Wo aber das ignoriert wird, bedeutet das, dass der Zeigefinger zur Menge der bekannten Probleme gehört. Auch das Erheben des Zeigefingers müsste eine Verzichtsleistung sein, um lernen zu können, wie die Gesellschaft Verzicht produzieren könnte. Wo der Zeigefinger dies aber nicht sehen will, kann er keinen Lernoptimismus gewinnen. Denn ein Lernoptimismus könnte heißen, dass niemand die Probleme lösen kann, was nicht heißt, dass es nicht geht, sondern nur, dass noch nicht bekannt geworden ist, wie es gehen könnte. Man könnte also, statt aussichtslos mit dem Zeigefinger zu wedeln, mit Nichtwissen anfangen und die Verminderung von Nichtwissen in Aussicht stellen, wenn man nur die Bereitschaft hätte zuzugeben, dass alles bekannt gewordene Wissen noch nicht ausreicht. Denn das bekannt gewordene Wissen reicht nur aus, um sich nicht über den Zeigefinger zu wundern.
Ein Lernoptimismus könnte dagegen anfangen, dem Zeigefinder, statt ihn auf Plausibilität zu befragen, zu misstrauen und könnte stattdessen auf die Kreativität von Lernprozessen setzen. Und – sollte wer einwenden, dass es dafür längst zu spät ist, dann gilt: Wenn es so ist, dann muss es wohl so sein.
Was aber, wenn nicht?
Wer nicht lernen will, muss weinen.
Hat dies auf Social Studies of Science rebloggt.

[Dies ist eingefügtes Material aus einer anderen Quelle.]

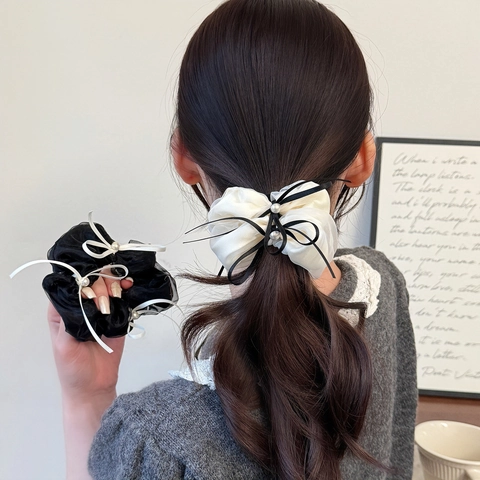 Elastici per Capelli Scrunchies in Pizzo con Fiocco Balletcore Francese e Perla Artificiale Elegante in Rete per Donna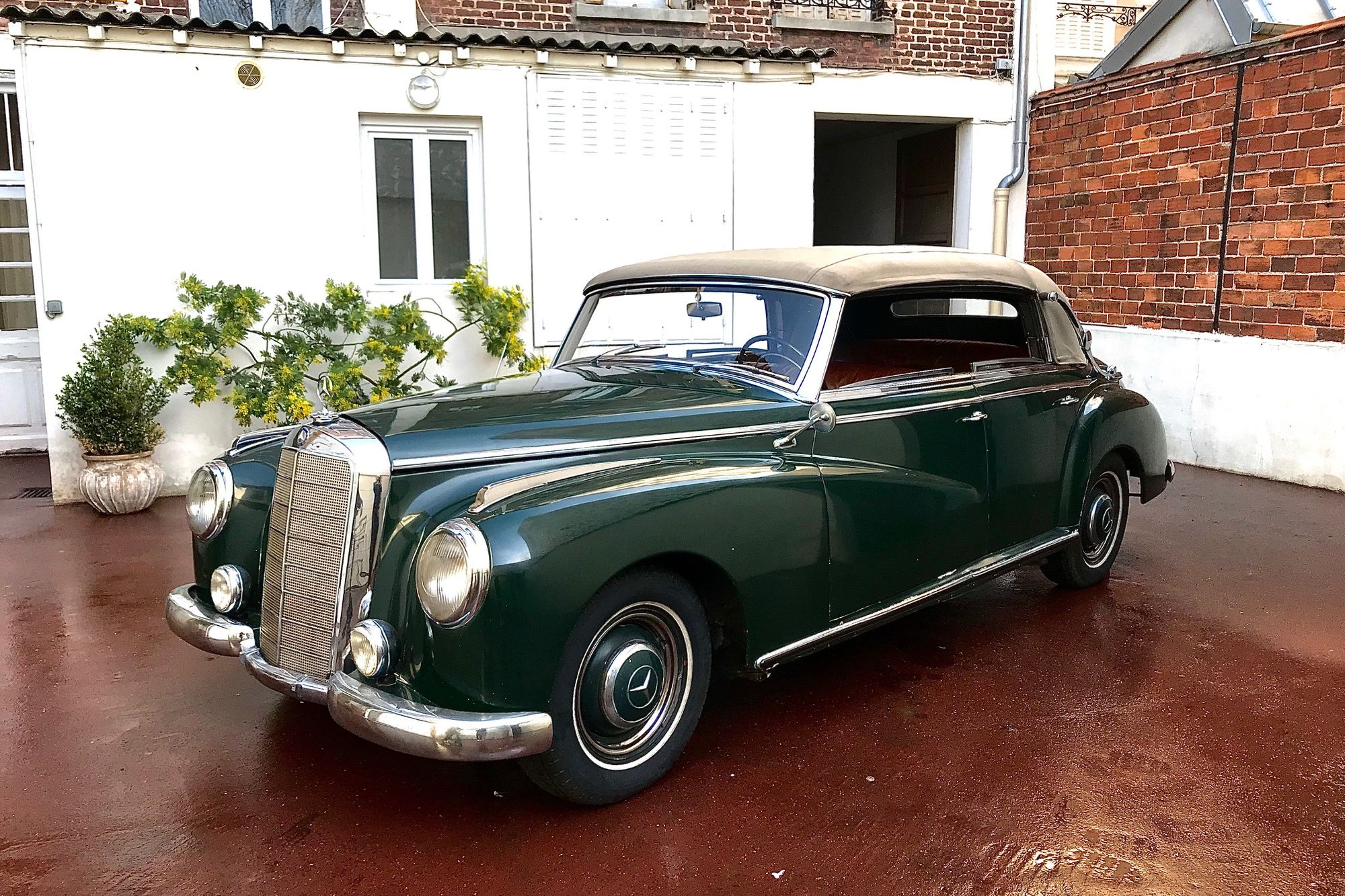 1952 Mercedes-Benz 300 Adenauer Cabriolet D | For Sale | Classic Sport Leicht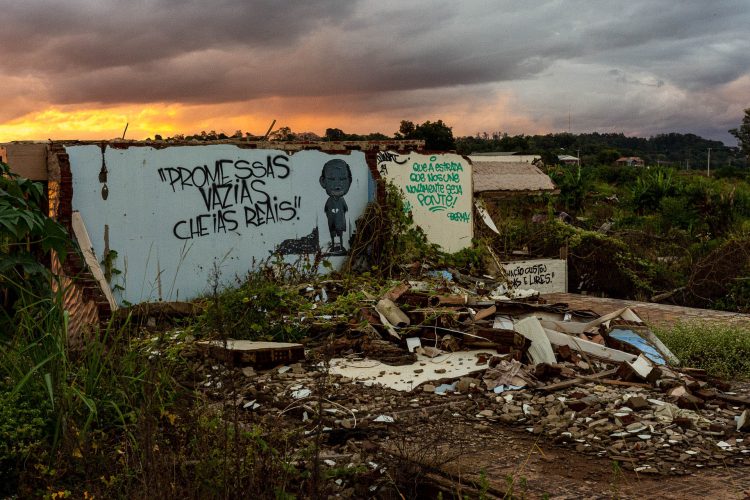 Imagem do Ensaio Depois da Chuva. de Priscila Ribeiro, finalista no Prêmio Portfólio FotoDoc 2025.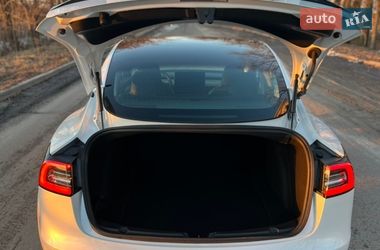 Седан Tesla Model 3 2019 в Броварах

„Erst unerträgliche Hitze und katastrophale Dürre, jetzt Starkregen und vollgelaufene Keller: Die Wetterkapriolen der schon lange vorhergesagten Klimakatastrophe werden immer verrückter
In dieser Woche wenden sich namhafte Wissenschaftler mit einem Appell an die Weltgemeinschaft …“
https://www.heise.de/tp/features/Die-Erde-brennt-der-Mensch-pennt-4131955.html
Die Weltgemeinschaft hat keine Adresse, man kann sie nicht anrufen und eine Antwort gibt sie auch nicht. Das könnte den Verdacht nahe legen, dass es eine Weltgemeinschaft gar nicht gibt.
Auch aus diesem Artikel geht hervor, wie sehr der Zeigefinger stets Vorrang hat. Das Wissenskonzept selbst verhindert, aus den Schwierigkeiten klug zu werden, weil es immer heißt: wenn alle Tatsachen bekannt sind, sind auch alle Gründe für ihr Erscheinen bekannt, woraus sich immer ein Wissen darüber ergibt, was zu tun wäre, nämlich: an die Weltgemeinschaft appellieren und mit Macht etwas an den Gründen ändern, die zum Erscheinen der Tatsachen beitragen.
Aber die Weltgemeinschaft ist nirgends zu erreichen. Das Wissenskonzept legt in dem Fall Indifferenz nahe, empfiehlt also: Weitermachen wie bisher. Was in dem Fall heißt: Mit Weltuntergang drohen.
Das Wissenskonzept ist auf Machtkämpfe angepasst und mit Drohung wir jeder Machtkampf eingeleitet.
In dem Fall aber ist Machtkommunikation tatsächlich eine Behinderung. Da ist nämlich niemand, dem man drohen kann.
Vielen Dank für diesen Artikel, Klaus.
Wissen allein genügt allerdings nicht, um Wandel herbeizuführen.
Es braucht Durchführung.
Vor kurzem sah ich mich aufgerufen, die Kunst der Zusammenarbeit zu definieren.
Für mich besteht sie darin:
Die Kunst des Zusammenwirkens ist, gereiftes Wissen als Weisheit und gereifte Fähigkeit als Meisterschaft im gegebenen Moment zur Entfaltung zu bringen.
„Easy to learn – hard to excel.“
Ich habe es mir zur Aufgabe gemacht, Leiden durch Lernen zu überwinden.
Für mich erfolgreiche Erkenntnisse biete ich zur Nachahmung an.